Austria was able to make its issue despite its government debt being downgraded from AAA in January 2012. Demand for French and Austrian 50-year paper has been good although given the private nature long-dated placements, it’s less clear how the demand would be affected if issuance was tendered publicly.
Another country entering the 50-year club is Canada, having sold its first batch of such bonds in April this year in a bid to take advantage of low interest rates.
Canada’s former Finance Minister, Jim Flaherty, first unveiled the bond proposal in the 2013-14 budget announcement saying the Treasury “wanted to extend the maturity of its own bond portfolio in a bid to lock in low interest rates.” Adding, “The issuance of bonds in the ultra-long sector would contribute to a reduction in refinancing risk at a low cost.”

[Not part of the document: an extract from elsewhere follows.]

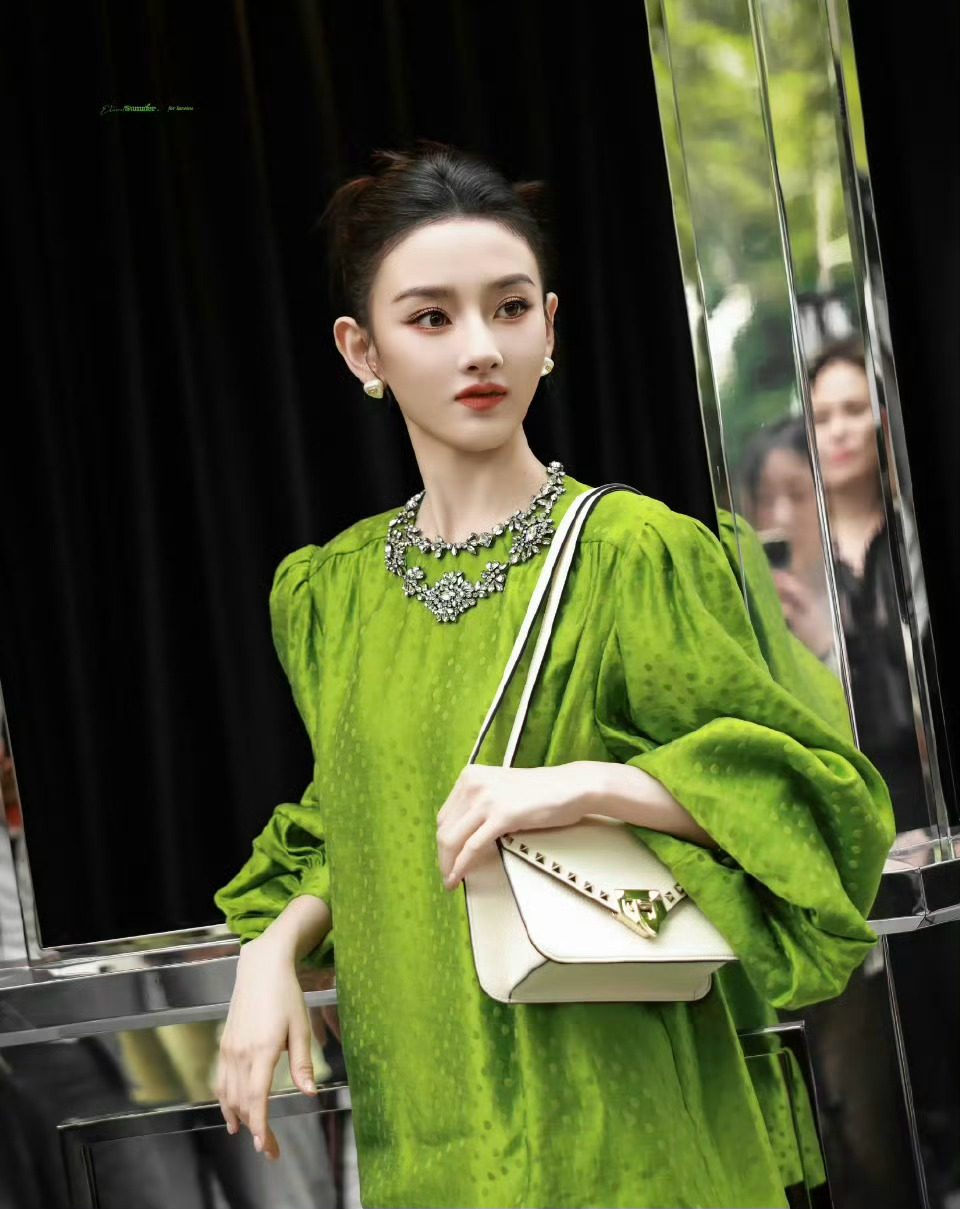 宋祖儿是低配版张柏芝？宋祖儿大红大绿
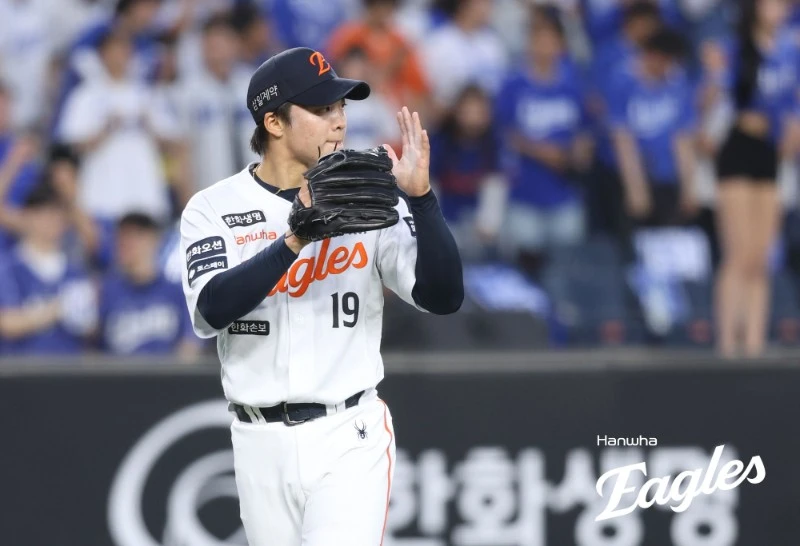 한화 이글스 대만 출신 좌완 왕옌청이 16일 대전 한화생명 볼파크에서 열린 2026 신한 SOL KBO리그 삼성 라이온즈와의 팀 간 3차전에 선발등판, 5이닝 3실점(비자책)으로 패전투수가 됐다. 사진 한화 이글스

Nice from Far, but Far from Nice
The credit crisis forced the Spanish economy to re-balance towards transparency and sustainability. However, with the economic recovery starting to gain momentum, we can see a reversion towards excessive government spending as risk-taking and leverage begin to enter the fray once more. Despite the shock and awe response to fiscal imbalances initiated by the ECB/IMF/EU, Spain still hovers on the verge of failing to meet its budget deficit targets and its banking sector remains anemic as it was 5 years ago.
From a broader perspective, the same challenges remain as they cannot be fixed with lower yields and higher investor confidence. Spain and Southern Europe in particular continue to suffer from a demographics standpoint as longevity rises and birth rates fall.
Pension liabilities are rising while revenues required to sustain them are flat. Over time this divergence is only amplified. Exacerbating this issue is the ‘brain-drain’ that keeps enticing the most skilled workers abroad, which means relatively lower productivity domestically. This factor continues to undermine Spain’s growth and recovery potential.
There May Be Trouble Ahead
The tendency towards longer-dated bonds is likely to spread to other countries because funding government expenditure at lower maturity dates is becoming increasingly difficult. Inflation-linked bonds are also a popular vehicle as a protection from possible inflation effects in the future.
For the time being, buoyant equity markets backed by resolute corporate earnings is the preferred asset class for many investors instead of government bonds backed by over-indebted countries. Even though the credit crisis has come and gone, most developed countries remain more indebted in nominal terms, not less.
Austerity measures launched across the developed world have only served to slow the rate of debt acquisition, with the overall debt overhang still growing only at a diminished rate. Reducing nominal debt has not even begun, which may help explain the increasing popularity of long-dated bonds – policymakers prefer to stretch, delay and put off the most difficult policy decisions that will probably require partial defaults, ‘haircuts’ and a fundamental rethink of predominant Keynesian economic principles.